AWD took a day of vacation from drilling holes in heads to get some rest! In two days, I have managed to burn only two calories as I have hardly moved from the Captain’s Chair. So the right-wing extremist creative juices haven’t exactly been flowing! I don’t even know if I have a pulse anymore.
AWD was looking back at some really old posts and found this one from October of 2009. Amazing how stupid most celebrities are in regards to just about everything. Everything Sting found so hopey-changey and wonderful about Obama were stupid then and pathetic now. We’ve seen five years of damage from the Nothing Man.
The Big Sexy will be back in the saddle tomorrow with some thoughts on something or other. But for now…it’s Miller Time!
Angry White Dude has found when he is in his hour of darkness, when all seems lost, I can always count on Sting and his words of wisdom to brighten my day. Yes, Sting’s wise perception of the correct solutions for the world’s quandaries always put me at ease. It makes me want to lift my head, raise my voice and shout, “Sting, we praise thee, O wise Sting!!”
Sting recently shared with us his insight that President Hussein Hopenchange is “in many ways, he’s sent from God because the world’s a mess.” Thank you Sting, thank you! Sting has this divine information because he has spent time with Obama and “found him to be very genuine, very present, clearly super-smart, and exactly what we need in the world.” That is precisely the difference between Sting and us mere mortals….Sting can recognize the difference between smart and super-smart! And while AWD has called Obama many names, such as liar, socialist, under qualified, he has never found Obama to be “present.” What, is Sting taking attendance?
This is what happens when stupid musicians are given a platform to prove their stupidity. It happens all the time. Think about it, a grown man who goes around calling himself Sting is telling us Obama is heaven sent! Go figure! Another reason Sting believes Obama to be so gifted:
“I can’t think of any be better qualified because of his background, his education, particularly in regard to Islam.”
Sounds like Sting could be a birther! Yes, o wise Sting, Obama’s apologies and speeches to the barbaric Islamic world has worked wonders! Iran is closer to attaining the nuclear bomb and recently our “ally” Pakistan held rallies burning Obama in effigy! It’s Englishters like Sting that help explain why Muslims are taking over England while the English apologize for not making it easier!

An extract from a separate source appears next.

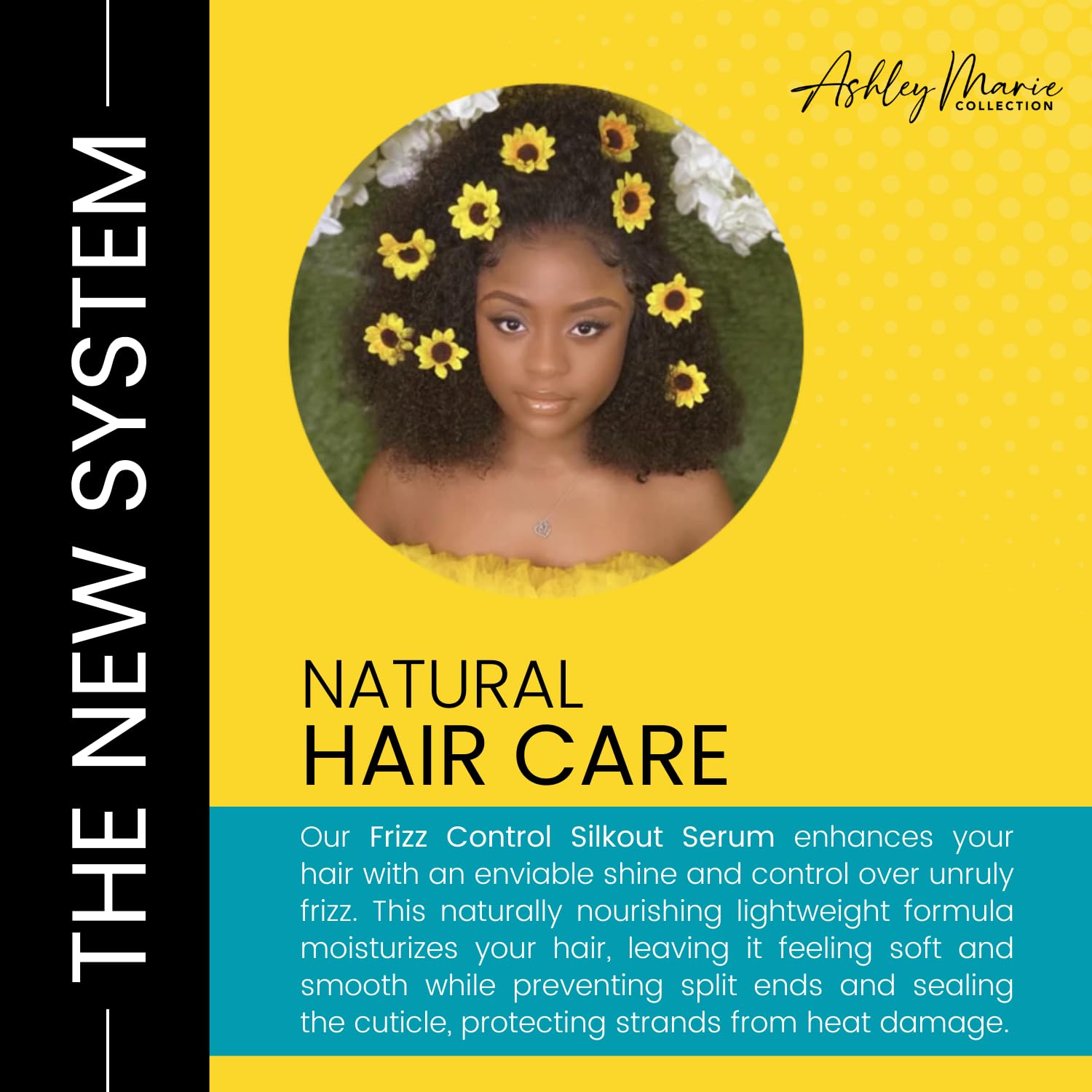 The Hair Diagram Ashley Marie SilkOut Serum – Frizz Control, Strengthening, Shine, Heat Protectant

Sting has contempt for Americans who don’t agree with Obama’s hope and change. He says they are “aggressive and violent and full of fear. They don’t want change, they want things to feel the same because they feel safe there.” Yes, Sting, Americans love freedom and liberty. We feel safe there when the government doesn’t have total control of our lives. Why Sting? Because it works! Your home country of once-Great Britain shows what happens when government takes over!

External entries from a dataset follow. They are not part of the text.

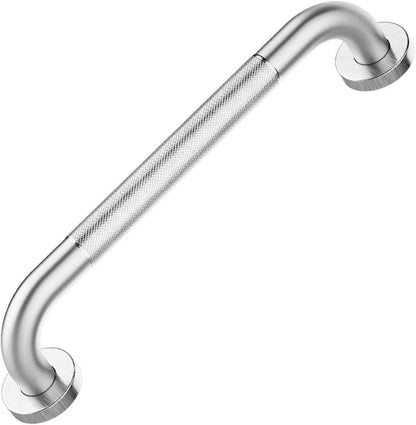 16" Brushed Nickel Bathroom Non-Slip Grab Bar Wall Mounted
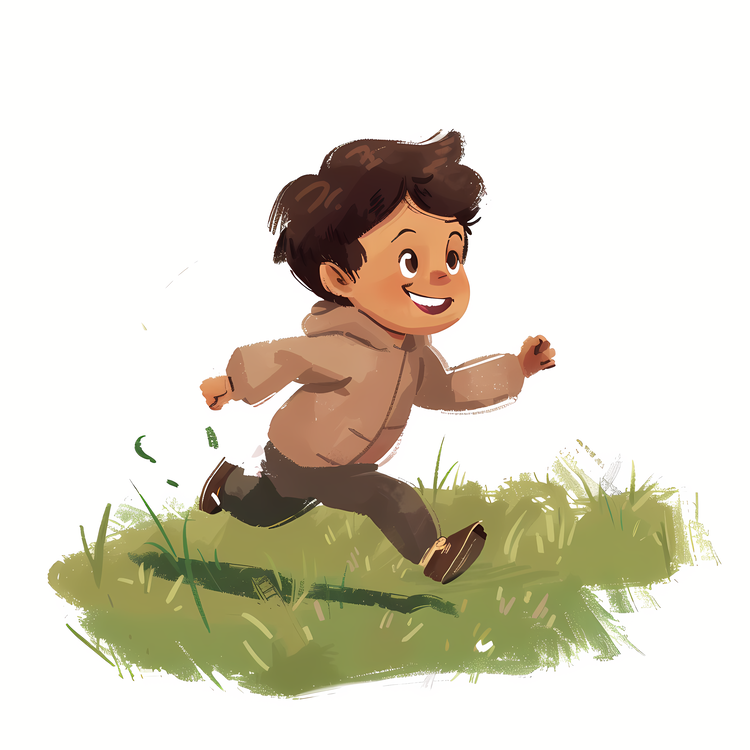 Little Boy Running,Running Boy,Jogging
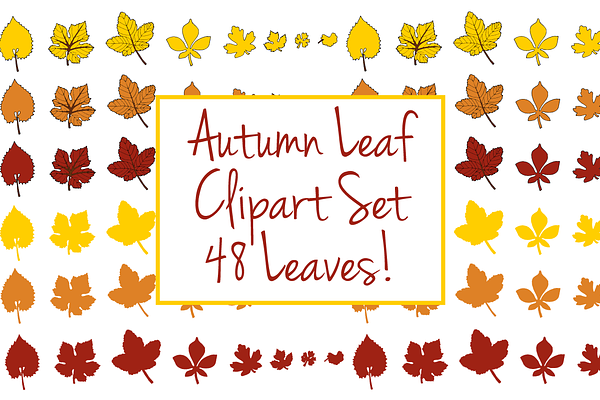Autumn Leaf Clipart Set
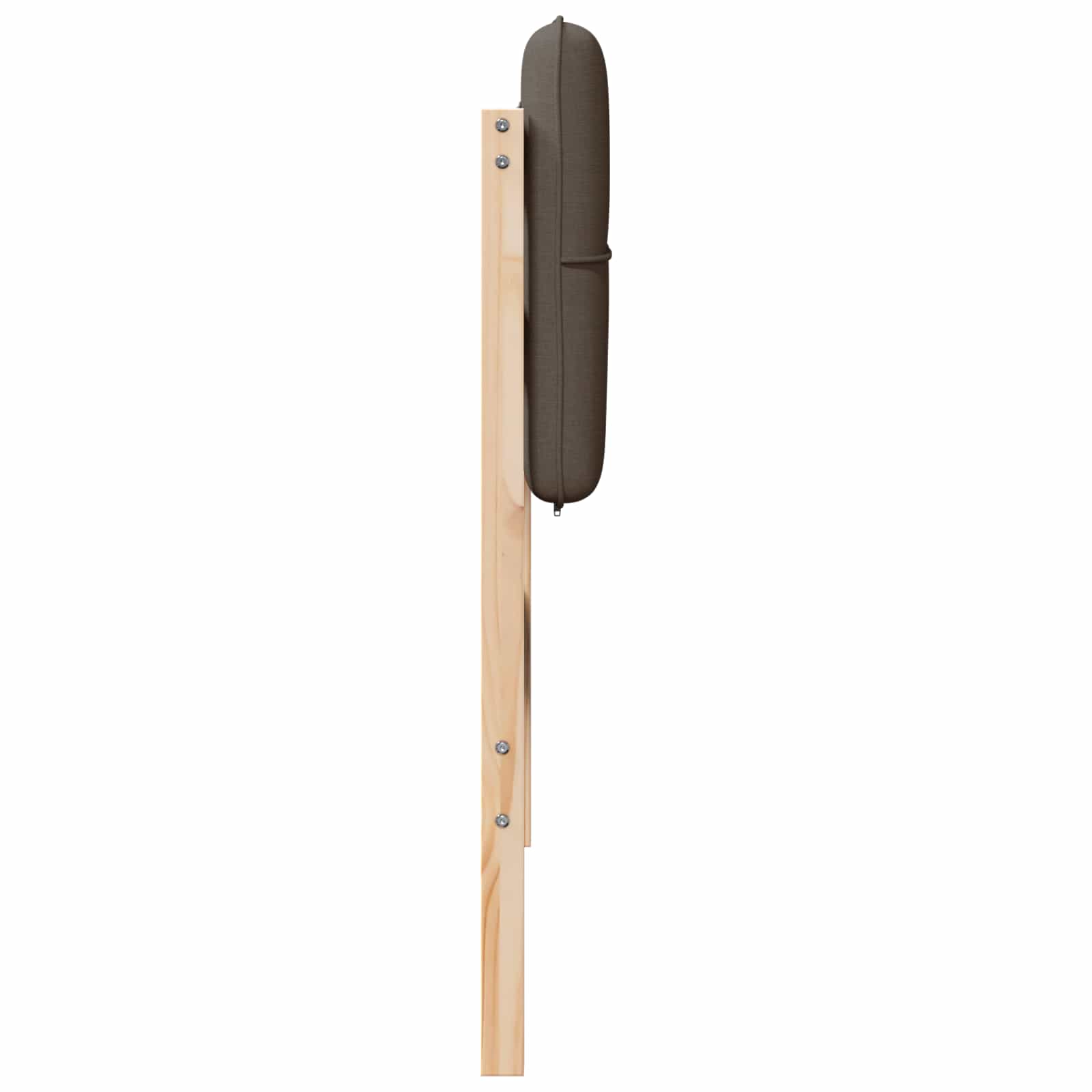 Tapecirani uzglavlje Smeđa i taupe 75 cm Čvrsto borovo drvo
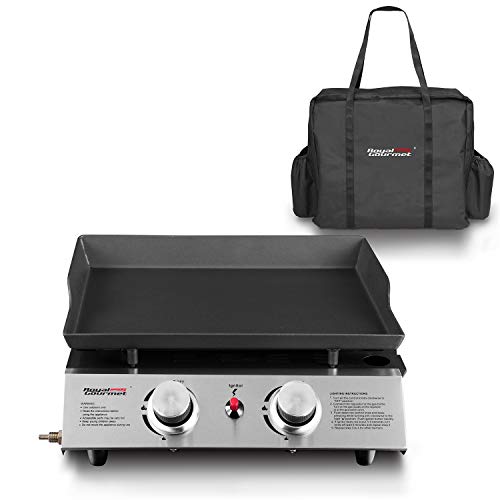 Royal Gourmet Portable Gas Griddle, Table Top Grill, 2 Burner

Sting ends his interview with these pearls of wisdom:
“My hope is that we can start talking about real issues and not caring about whether God cares about your hemline or your color. We are here to evolve as one family, and we can’t be separate anymore.”
Brilliant, Sting! Stinger, conservatives in America aren’t concerned about hemlines or color. We are concerned with a radical socialist who has shown nothing but contempt for America while jetting all over the world apologizing to our enemies! We are concerned that he wishes to take over more of our wealth and the economy with Cap and Trade, ObamaCare and worthless Stimulus borrowings that have been used for nothing more than paying off his corrupt cronies! We are concerned with America turning into the wasteland of Europe! We have watched what has happened to you in England and want no part of it here!

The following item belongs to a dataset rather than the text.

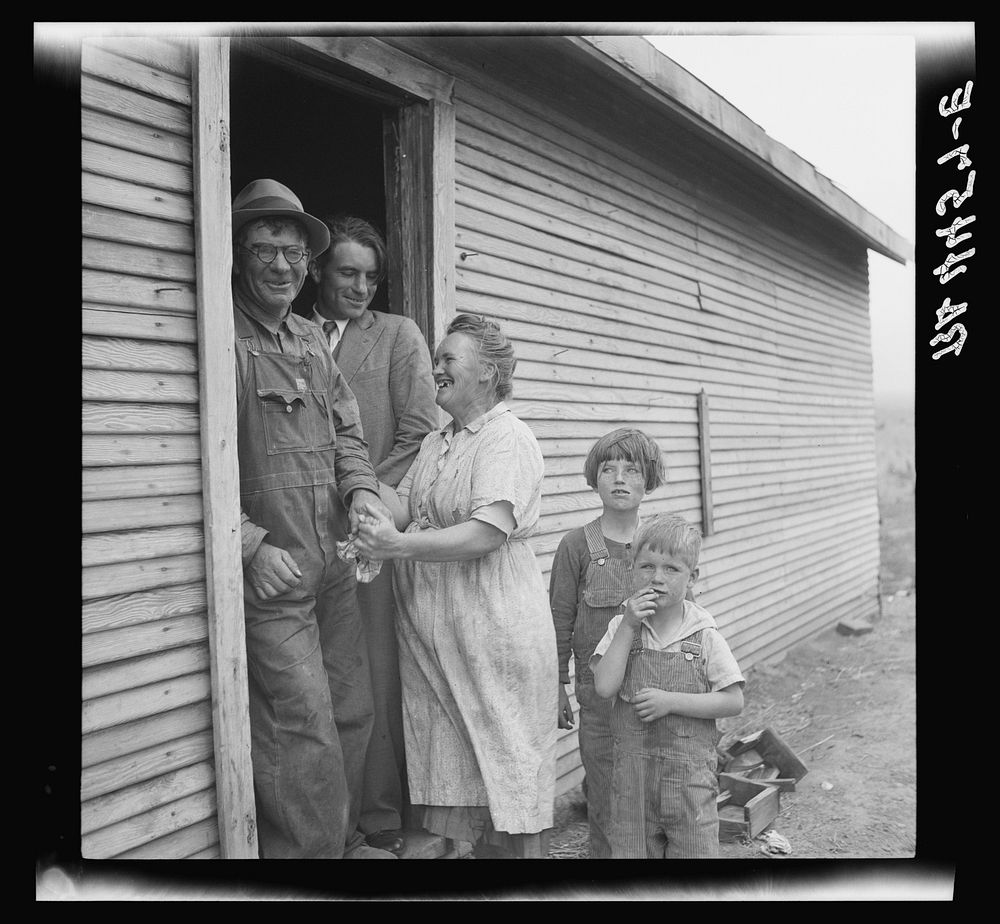 One of the families to be removed from land use project. Oneida County, Idaho. Sourced from the Library of Congress.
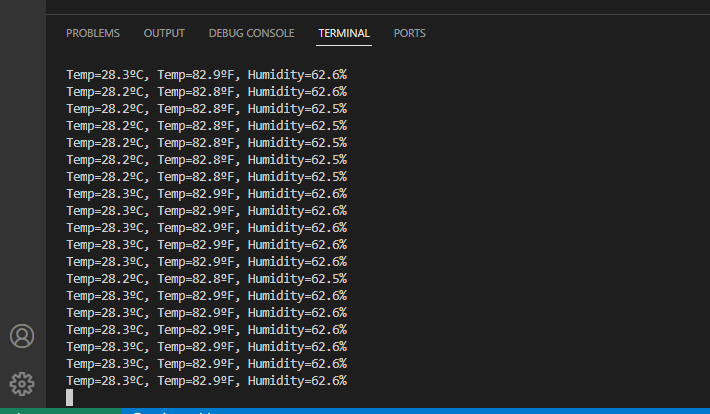 Raspberry Pi Print Temperature and Humidity DHT22 DHT11 Sensor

Sting, whose real name is Gordon Sumner, is a fake imbecile with a big mouth! He’s one of these limousine liberals flying around on private jets condemning us for using air conditioning. He’s a tool and an embarrassment to stupid people. Sting, why not continue to write your sappy, boring music and leave the thinking people of the world to sort out the world’s problems? Those people don’t include a moderately talented bass player! How seriously can you take a guy whose brilliant lyrics are, “de doo doo doo, de dah dah dah, is all I want to say to you.” Leonard Cohen, he ain’t! Margaret Thatcher either. Pity.